Pro reveals the prerequisite for the start of a new bull market
S&P 500 seems to have regained some momentum ahead of the big tech earnings, considering it closed the recent week up more than 3.0%. But Greg Branch (Veritas Financial Group) says this uptick will likely prove to be another “head fake” only.
Branch defends his bearish view on CNBC
There’s increasing evidence, he cautions, that the U.S. Federal Reserve could go as high as 5.0% on its key rate and create more pain for the equities market moving forward.
Earnings estimates that continue to be rather aggressive also fed into his dovish view. On CNBC’s “Closing Bell: Overtime”, Branch said:
Even if the economy stays flat next year, 2023 earnings estimates need to come down 7.0% and so equities just aren’t safe in the wake of macro-global turmoil combined with us being at the beginning of QT.

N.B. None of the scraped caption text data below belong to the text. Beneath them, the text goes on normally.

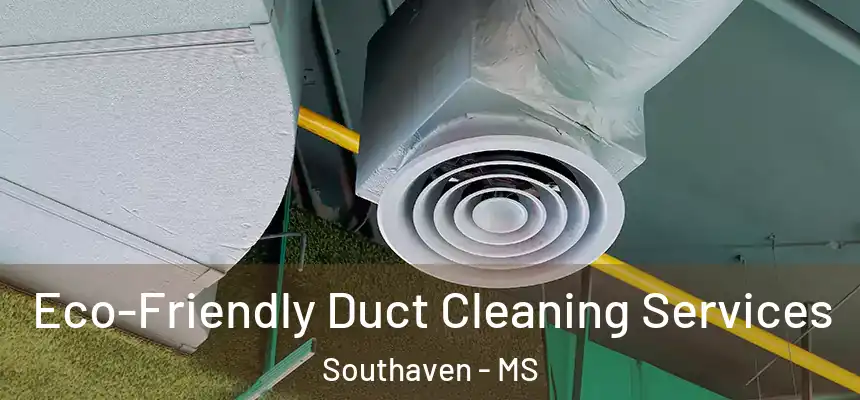 Eco-Friendly Duct Cleaning Services Southaven - MS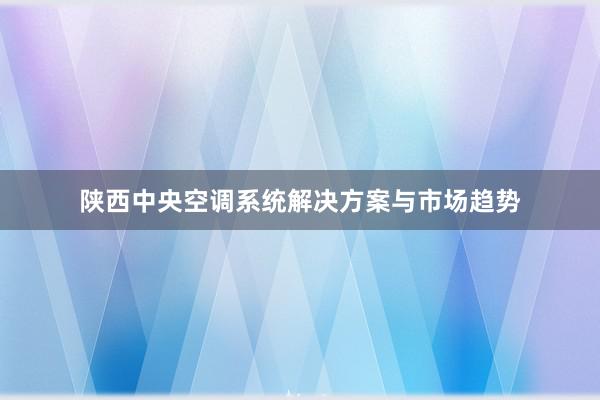 陕西中央空调系统解决方案与市场趋势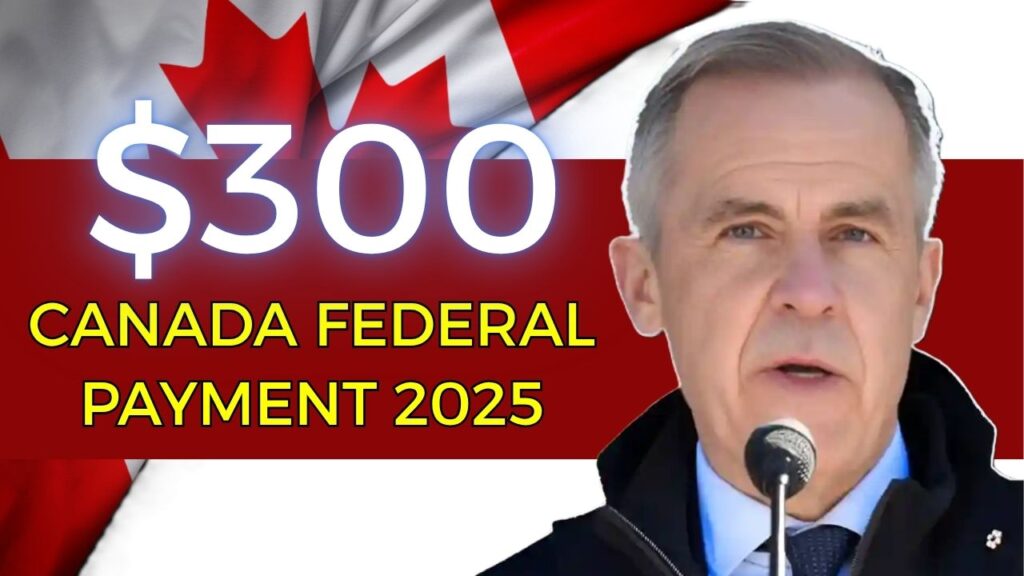Canada $300 Federal Payment 2025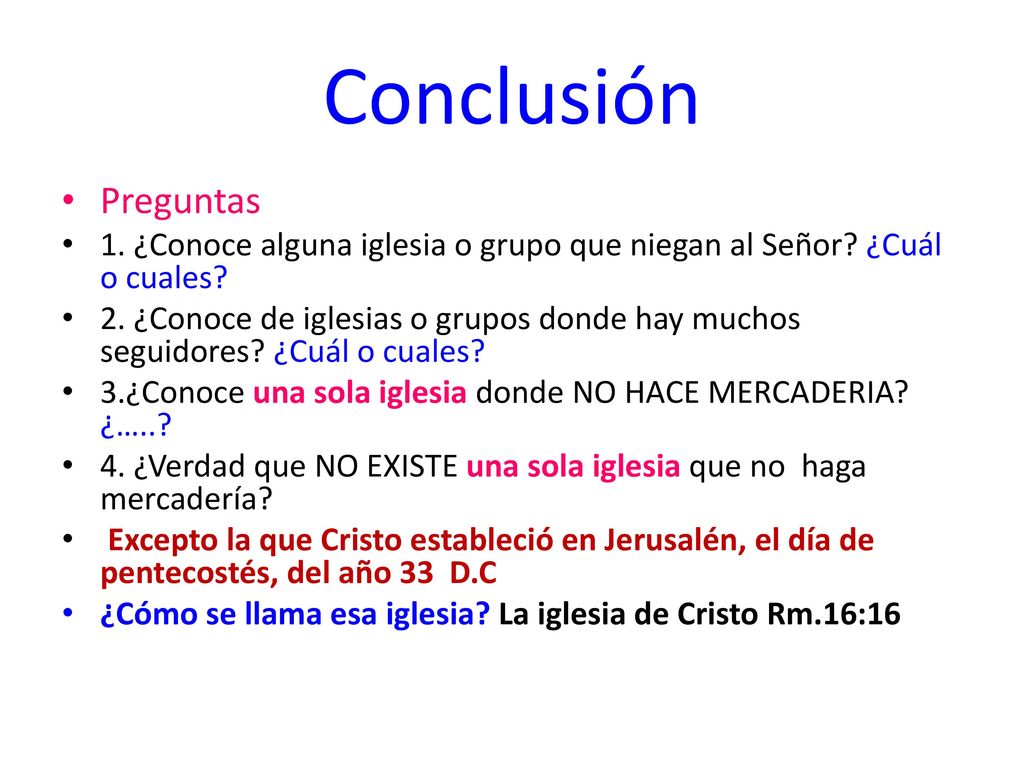 Conclusión Preguntas. 1. ¿Conoce alguna iglesia o grupo que niegan al Señor ¿Cuál o cuales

The benchmark index is currently down over 20% for the year.
Would it matter if the Fed chooses to pause?
Branch entertained the possibility of a pause after two more rate hikes this year but doesn’t see it enough for the start of a new bull market.
A return to cutting rates, he noted, is of essence for the market to bottom – and that’s unlikely anytime soon.
What’s going to make them pivot is: we either need to see labour market approach 5.0% unemployment, or a major contraction in the economy, or inflation come down by 200 bps. We haven’t seen any of these.
Last week, consumer prices were reported up 0.4% for the month of September, reiterating that inflation was indeed stickier than expected.